Panorama des médias sociaux 2021

Comme chaque année depuis 13 ans, je vous propose mon panorama des médias sociaux. Avec l’année particulière que nous venons de vivre (confinement, distanciation sociales…), les usages des médias sociaux ont littéralement explosé, pour le meilleur et pour le pire. Si les micro-vidéos de TikTok apportent un brin de légèreté, les médias sociaux pâtissent encore de contenus trompeurs ou haineux et de pratiques détournées. Mais il faut croire que l’apport des médias sociaux est globalement supérieur aux dérives, car des milliards d’utilisateurs leur sont fidèles. Et si vous lisez ces lignes, c’est que vous en faites partie !

Cela fait plus de 15 ans que je suis de près l’évolution des médias sociaux et des usages.
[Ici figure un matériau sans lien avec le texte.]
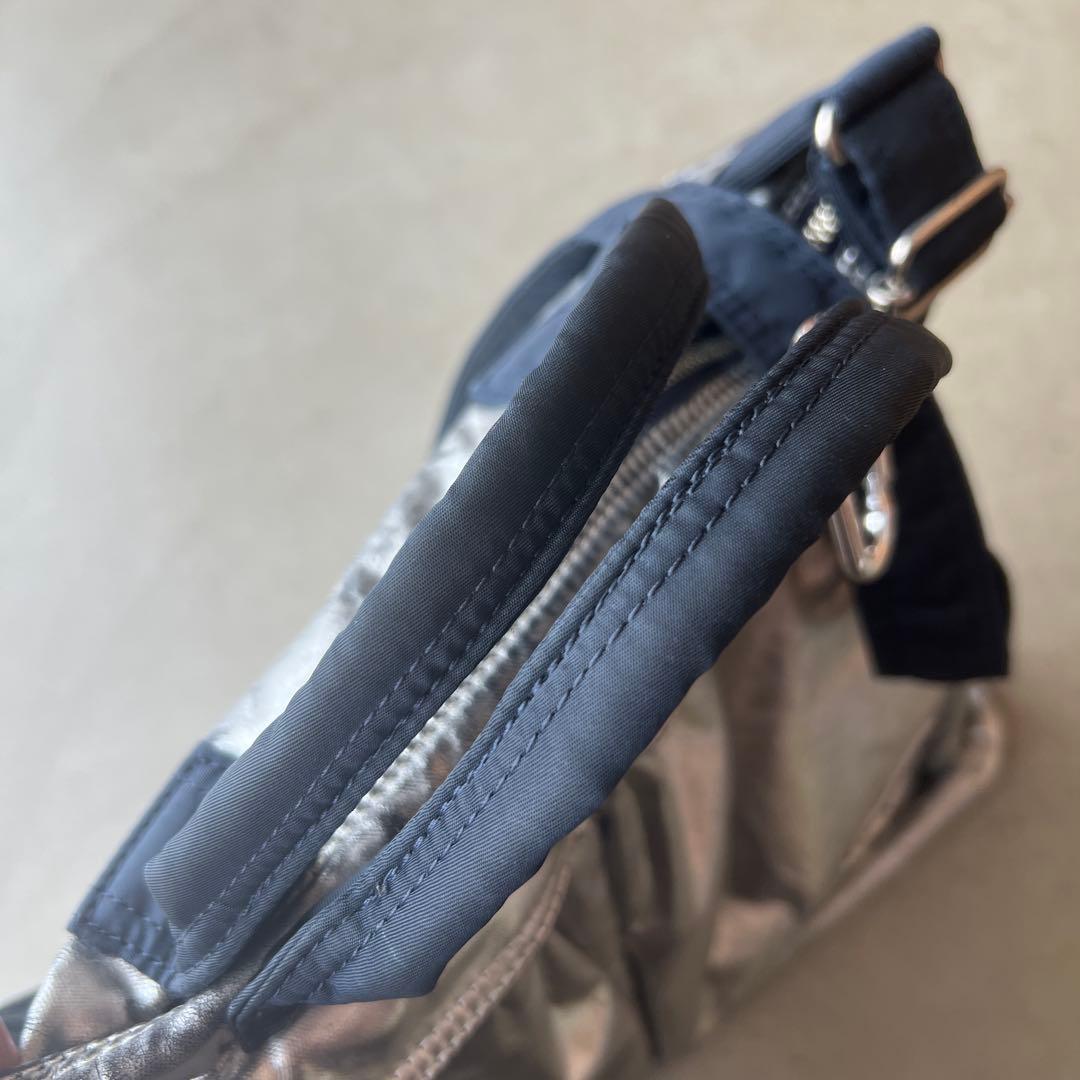 【PORTER×プティローブノアー】シルバー　箔　ヘルメットバッグ　ポーター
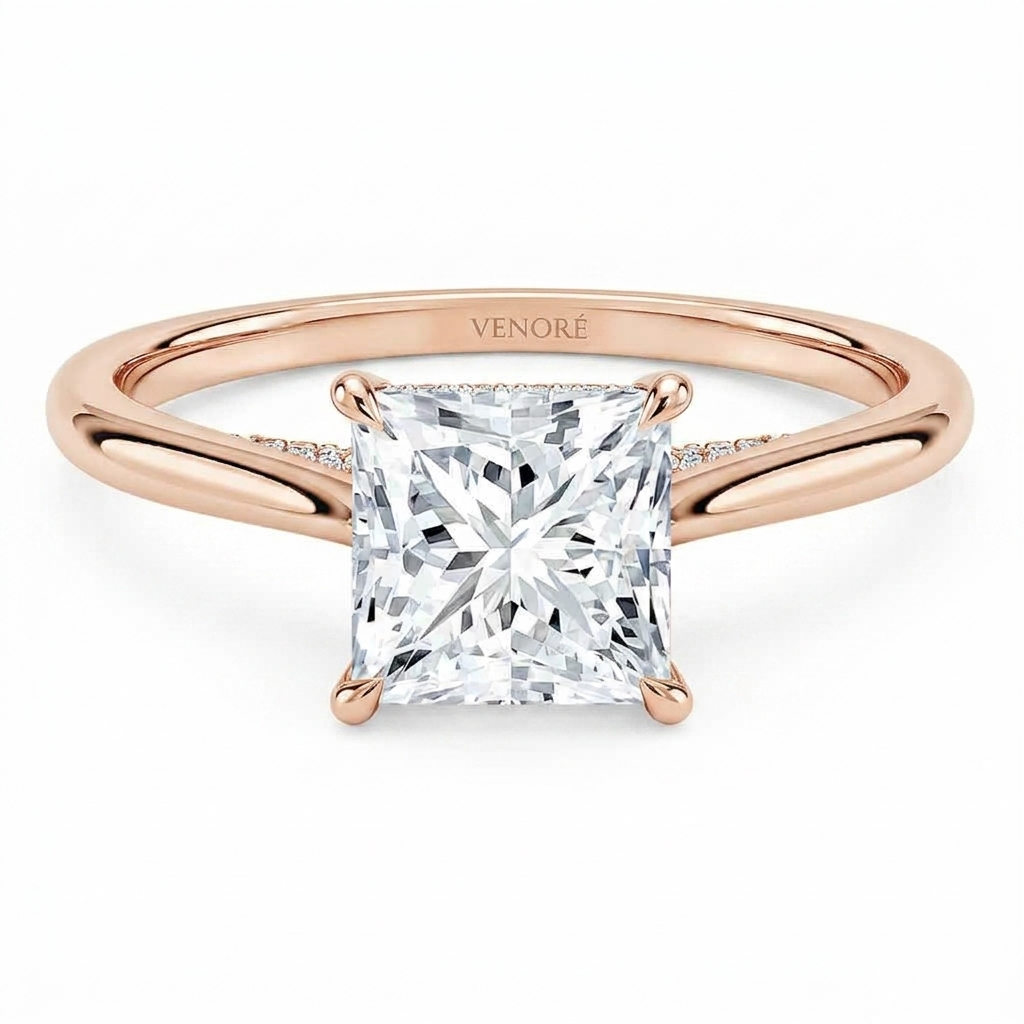 Princess Cut Cathedral Setting Lab Grown Diamond Ring with Hidden Halo and Pavé Bridge ✧ 1-4 Carat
Le moins que l’on puisse dire est que l’on ne s’ennuie jamais, car il y a toujours de nouvelles choses à découvrir ! Parfois ce sont des pratiques insoupçonnées qui sont en réalité bien plus populaires qu’on ne le pense (ex : ces créateurs de contenus dédiés à Excel : A Microsoft Excel influencer quit her day job and is making 6 figures from her unconventional way of teaching spreadsheet hacks, tips, and tricks). Parfois ce sont des utilisations détournées des plateformes qui exposent la noirceur de l’âme humaine (ex : ces streameuses sur Twitch qui s’exhibent dans leur piscine gonflable pour récolter des pourboires comme dans un peep-show : Comment la tendance des Hot Tube Streams pourrait détruire Twitch.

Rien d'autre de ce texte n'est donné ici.